Somos muchos los que hemos visto en el Papa Francisco el renacer de aquella esperanza que se levantó como una brisa fresca en el Vaticano II y que los oscuros poderes de la curia fueron taponando para que nunca se renovara el aire de una Iglesia que no parecía querer entender que el mundo había cambiado. Sólo reprocho -y permítanme esta broma que la digo en serio- que aquel Concilio diera entrada a las guitarras adolescentes en las misas. El resto fue esperanza, desgraciadamente un amago de esperanza.

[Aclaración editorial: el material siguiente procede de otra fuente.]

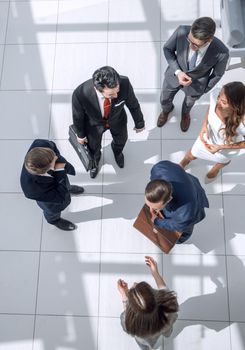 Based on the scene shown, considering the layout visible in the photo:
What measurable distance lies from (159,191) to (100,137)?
113 centimetres

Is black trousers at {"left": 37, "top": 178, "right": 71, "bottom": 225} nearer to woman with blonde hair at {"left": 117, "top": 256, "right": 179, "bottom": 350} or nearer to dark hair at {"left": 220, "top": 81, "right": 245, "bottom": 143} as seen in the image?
woman with blonde hair at {"left": 117, "top": 256, "right": 179, "bottom": 350}

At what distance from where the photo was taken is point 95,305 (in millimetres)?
3670

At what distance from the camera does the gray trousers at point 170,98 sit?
3.74 m

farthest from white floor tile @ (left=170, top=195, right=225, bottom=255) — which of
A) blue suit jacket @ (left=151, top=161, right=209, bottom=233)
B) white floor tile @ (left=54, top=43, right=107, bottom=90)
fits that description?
white floor tile @ (left=54, top=43, right=107, bottom=90)

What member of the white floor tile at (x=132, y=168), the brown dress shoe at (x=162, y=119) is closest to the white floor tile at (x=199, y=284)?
the white floor tile at (x=132, y=168)

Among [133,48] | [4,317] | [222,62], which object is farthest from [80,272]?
[133,48]

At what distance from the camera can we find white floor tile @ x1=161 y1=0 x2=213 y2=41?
470 centimetres

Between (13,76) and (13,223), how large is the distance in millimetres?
1738

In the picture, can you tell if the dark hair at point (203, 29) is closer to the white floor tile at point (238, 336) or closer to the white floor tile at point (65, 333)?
the white floor tile at point (238, 336)

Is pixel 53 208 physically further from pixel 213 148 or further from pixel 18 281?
pixel 213 148

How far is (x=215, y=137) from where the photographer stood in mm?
3256

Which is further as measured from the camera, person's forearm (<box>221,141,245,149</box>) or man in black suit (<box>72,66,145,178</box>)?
person's forearm (<box>221,141,245,149</box>)

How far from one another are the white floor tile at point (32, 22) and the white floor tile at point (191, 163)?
6.34ft

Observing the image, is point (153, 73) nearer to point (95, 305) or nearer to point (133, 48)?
point (133, 48) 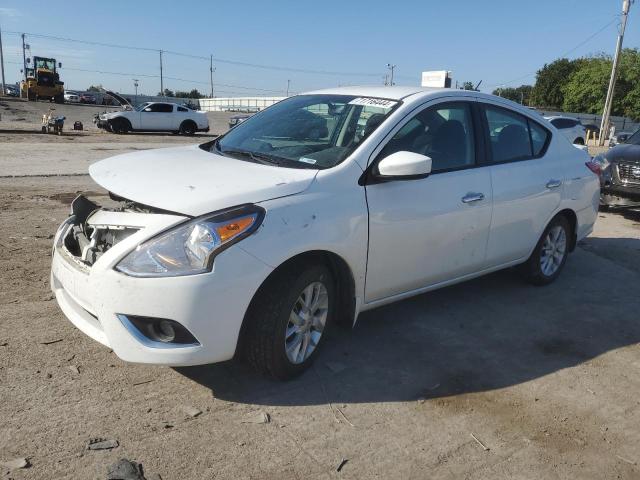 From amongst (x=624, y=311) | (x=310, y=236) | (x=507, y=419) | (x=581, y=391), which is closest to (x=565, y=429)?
(x=507, y=419)

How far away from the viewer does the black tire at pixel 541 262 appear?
5.20 metres

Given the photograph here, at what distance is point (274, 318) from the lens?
3090 millimetres

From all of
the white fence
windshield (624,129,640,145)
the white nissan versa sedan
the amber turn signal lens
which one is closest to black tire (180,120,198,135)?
windshield (624,129,640,145)

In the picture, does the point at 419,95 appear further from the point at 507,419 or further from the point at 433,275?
the point at 507,419

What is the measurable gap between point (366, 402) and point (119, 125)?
2641cm

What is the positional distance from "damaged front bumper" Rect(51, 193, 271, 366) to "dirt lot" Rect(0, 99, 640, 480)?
0.36 meters

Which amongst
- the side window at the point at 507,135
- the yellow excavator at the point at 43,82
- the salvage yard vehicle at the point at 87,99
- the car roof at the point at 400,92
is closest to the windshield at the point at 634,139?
the side window at the point at 507,135

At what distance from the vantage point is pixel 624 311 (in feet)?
16.4

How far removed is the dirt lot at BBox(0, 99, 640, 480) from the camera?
2.71 meters

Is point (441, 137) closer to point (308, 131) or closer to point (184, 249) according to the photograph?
point (308, 131)

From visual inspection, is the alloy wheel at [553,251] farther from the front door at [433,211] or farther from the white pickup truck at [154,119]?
the white pickup truck at [154,119]

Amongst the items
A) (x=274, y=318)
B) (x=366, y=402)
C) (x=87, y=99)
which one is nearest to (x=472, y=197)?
(x=366, y=402)

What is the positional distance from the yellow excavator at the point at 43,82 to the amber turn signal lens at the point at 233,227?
49.8 m

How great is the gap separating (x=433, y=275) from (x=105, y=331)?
2.22 m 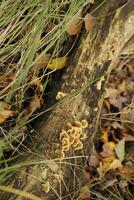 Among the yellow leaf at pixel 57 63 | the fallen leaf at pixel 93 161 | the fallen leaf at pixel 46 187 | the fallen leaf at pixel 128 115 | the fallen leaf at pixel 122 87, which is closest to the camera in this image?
the fallen leaf at pixel 46 187

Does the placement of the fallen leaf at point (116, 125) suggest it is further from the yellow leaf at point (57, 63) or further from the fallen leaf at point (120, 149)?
the yellow leaf at point (57, 63)

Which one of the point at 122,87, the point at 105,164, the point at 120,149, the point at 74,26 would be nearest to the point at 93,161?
the point at 105,164

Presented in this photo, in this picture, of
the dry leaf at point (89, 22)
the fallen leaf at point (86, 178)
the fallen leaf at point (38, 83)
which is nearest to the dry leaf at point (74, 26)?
the dry leaf at point (89, 22)

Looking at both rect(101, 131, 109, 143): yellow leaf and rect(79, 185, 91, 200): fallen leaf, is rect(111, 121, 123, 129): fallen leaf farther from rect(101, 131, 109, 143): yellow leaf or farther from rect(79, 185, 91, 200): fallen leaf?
rect(79, 185, 91, 200): fallen leaf

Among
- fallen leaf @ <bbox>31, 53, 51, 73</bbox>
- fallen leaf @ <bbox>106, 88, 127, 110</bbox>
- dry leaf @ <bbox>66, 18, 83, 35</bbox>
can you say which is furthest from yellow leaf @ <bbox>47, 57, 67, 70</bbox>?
fallen leaf @ <bbox>106, 88, 127, 110</bbox>

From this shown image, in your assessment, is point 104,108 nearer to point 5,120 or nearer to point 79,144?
point 79,144

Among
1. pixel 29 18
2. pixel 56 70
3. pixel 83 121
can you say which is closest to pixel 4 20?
pixel 29 18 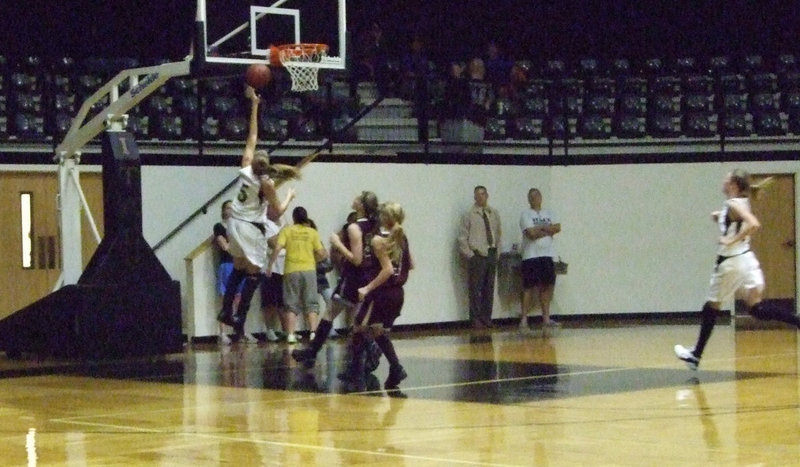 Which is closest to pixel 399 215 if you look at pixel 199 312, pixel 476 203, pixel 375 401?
pixel 375 401

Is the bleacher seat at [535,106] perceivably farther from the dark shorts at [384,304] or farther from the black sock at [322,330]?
the dark shorts at [384,304]

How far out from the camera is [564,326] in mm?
22641

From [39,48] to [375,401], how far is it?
49.6 feet

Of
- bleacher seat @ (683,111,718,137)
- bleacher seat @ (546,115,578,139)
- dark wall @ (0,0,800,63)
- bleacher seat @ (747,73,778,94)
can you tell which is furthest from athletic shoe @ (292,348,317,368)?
dark wall @ (0,0,800,63)

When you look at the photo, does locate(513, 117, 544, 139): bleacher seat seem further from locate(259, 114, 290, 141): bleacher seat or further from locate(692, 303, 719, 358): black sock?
locate(692, 303, 719, 358): black sock

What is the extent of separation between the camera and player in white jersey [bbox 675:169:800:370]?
46.4ft

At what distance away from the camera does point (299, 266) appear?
1911cm

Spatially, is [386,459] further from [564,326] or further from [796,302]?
[796,302]

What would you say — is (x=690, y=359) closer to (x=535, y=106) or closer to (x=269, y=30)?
(x=269, y=30)

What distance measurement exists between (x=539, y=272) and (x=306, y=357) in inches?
299

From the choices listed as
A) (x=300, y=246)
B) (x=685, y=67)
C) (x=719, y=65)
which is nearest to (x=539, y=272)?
(x=300, y=246)

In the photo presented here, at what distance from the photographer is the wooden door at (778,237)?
78.6 feet

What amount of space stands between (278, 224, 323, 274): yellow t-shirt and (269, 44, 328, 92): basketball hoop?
2901 mm

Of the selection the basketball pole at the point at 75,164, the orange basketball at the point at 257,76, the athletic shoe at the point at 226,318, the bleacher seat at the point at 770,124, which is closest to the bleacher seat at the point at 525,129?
the bleacher seat at the point at 770,124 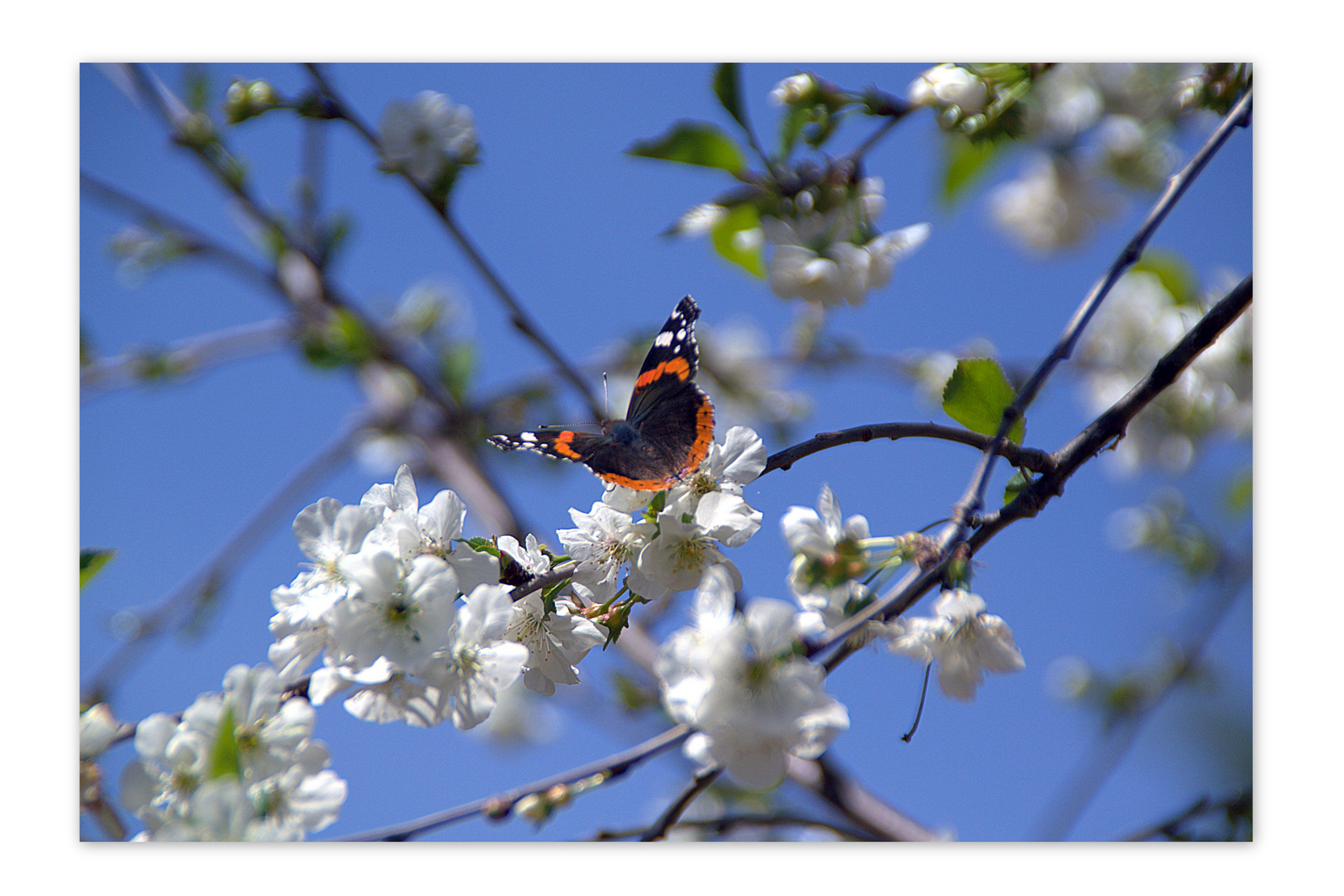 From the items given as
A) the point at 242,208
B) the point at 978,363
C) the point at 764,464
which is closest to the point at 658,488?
the point at 764,464

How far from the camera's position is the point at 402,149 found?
59.3 inches

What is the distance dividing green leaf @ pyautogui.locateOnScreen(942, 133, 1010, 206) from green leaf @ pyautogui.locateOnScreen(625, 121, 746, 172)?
54 cm

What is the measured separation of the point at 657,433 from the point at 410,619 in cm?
39

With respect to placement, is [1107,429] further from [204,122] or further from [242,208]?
[242,208]

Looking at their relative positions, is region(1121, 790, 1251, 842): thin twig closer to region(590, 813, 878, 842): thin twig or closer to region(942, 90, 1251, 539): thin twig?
region(590, 813, 878, 842): thin twig

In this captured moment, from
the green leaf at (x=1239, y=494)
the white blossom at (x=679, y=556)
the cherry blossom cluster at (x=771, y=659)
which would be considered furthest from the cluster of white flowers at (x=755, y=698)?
Answer: the green leaf at (x=1239, y=494)

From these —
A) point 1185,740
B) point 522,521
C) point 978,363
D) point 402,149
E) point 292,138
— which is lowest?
point 1185,740

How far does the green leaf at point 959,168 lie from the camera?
1.63 m

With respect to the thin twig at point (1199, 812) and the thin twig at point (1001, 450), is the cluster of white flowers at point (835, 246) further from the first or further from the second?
the thin twig at point (1199, 812)

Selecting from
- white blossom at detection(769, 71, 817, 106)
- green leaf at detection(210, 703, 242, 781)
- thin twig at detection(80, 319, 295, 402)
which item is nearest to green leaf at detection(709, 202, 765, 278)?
white blossom at detection(769, 71, 817, 106)

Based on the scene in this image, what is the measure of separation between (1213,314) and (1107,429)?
0.22 m

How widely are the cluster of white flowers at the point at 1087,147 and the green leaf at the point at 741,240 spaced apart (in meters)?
0.60

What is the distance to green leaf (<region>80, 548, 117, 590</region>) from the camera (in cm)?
118

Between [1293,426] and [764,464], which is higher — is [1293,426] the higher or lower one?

Y llegó Francisco y como quien no quiere la cosa, empezó a decir que si esto, que si lo otro, que tal vez había que reflexionar de puertas para adentro y cada vez daba un paso más y hacía un gesto nuevo y muchos sonreímos porque tal vez con él sí puede ser posible. Desde el humilde agnosticismo agónico en el que vivo, he visto como la Iglesia se fracturaba entre lo que unos llamaban «bases» frente a la ortodoxia radical y sin concesiones de la otra Iglesia, la oficial, tan alejada en tantas cosas de la realidad que parecía incompatible con los tiempos que avanzaban infinitamente más deprisa. Y entre las dos figuras, entre la de Juan XXIII y Francisco, demasiados escándalos, una muerte aún no explicada del todo y el carisma indudable de Juan Pablo II, pieza fundamental en la caída del comunismo, el Papa eslavo que llegó de lejos -como él mismo dijo- para bien en muchas cosas y tal vez no tanto para otras. Pero vamos a lo que nos ocupa y preocupa hoy. Cuentas las crónicas que en el Sínodo extraordinario de los obispos sobre la familia convocado por el papa Francisco, ha habido sus más y sus menos. No se ha llegado a lo que se llegó en el Vaticano II -donde un grupo de cardenales encabezados por los franceses amenazaron con abandonar si continuaban las presiones de los «ortodoxos»- pero sí se ha dado algo que sorprende y entristece: los herederos de ortodoxia inmovilista siguen ahí y hasta han ido a «chivarse» al Papa emérito -el gran teólogo- de las cosas escandalosas que se estaban discutiendo con el visto bueno del Papa reinante. Menos mal que Ratzinger, como no podía ser de otra manera, les ha despedido educadamente aunque sin demasiadas contemplaciones. ¿Y dónde estaba el escándalo? ¿Qué inspiraba el Papa Francisco para causar tantísimo revuelo? La respuesta es desalentadora.
Que los divorciados católicos casados nuevamente pudieran recibir la comunión, las uniones de hecho, las de personas del mismo sexo, la atención a los hijos de esas parejas etc. o sea: la vida. Naturalmente no todo esto se ha aprobado, claro, pero al menos se ha discutido y se ha puesto sobre la mesa una realidad de la que la Iglesia ya no puede ni escapar, ni ignorar, ni condenar sin más como hasta ahora venía haciendo. En 2015, en un Sínodo ordinario, se llegarán a conclusiones definitivas. Pero al menos los más conservadores -tantos y con tanto poder- han tenido que mirar de frente la herida por la que viene sangrando el Vaticano sin que nadie, hasta la llegada del Papa argentino, haya sido capaz o haya consentido poner fin a la hemorragia. Y no sólo eso: por orden de Francisco van a ver la luz todo todos los argumentos, los que defendían el inmovilismo pero también los que pedían lo que en su día dijera Suarez aunque él se refería a la política: elevemos a categoría de ley en la Iglesia lo que es normal en la calle, esa calle por la que transitan tantos católicos de buena voluntad oficialmente excluidos y expulsados por los miedos vaticanos.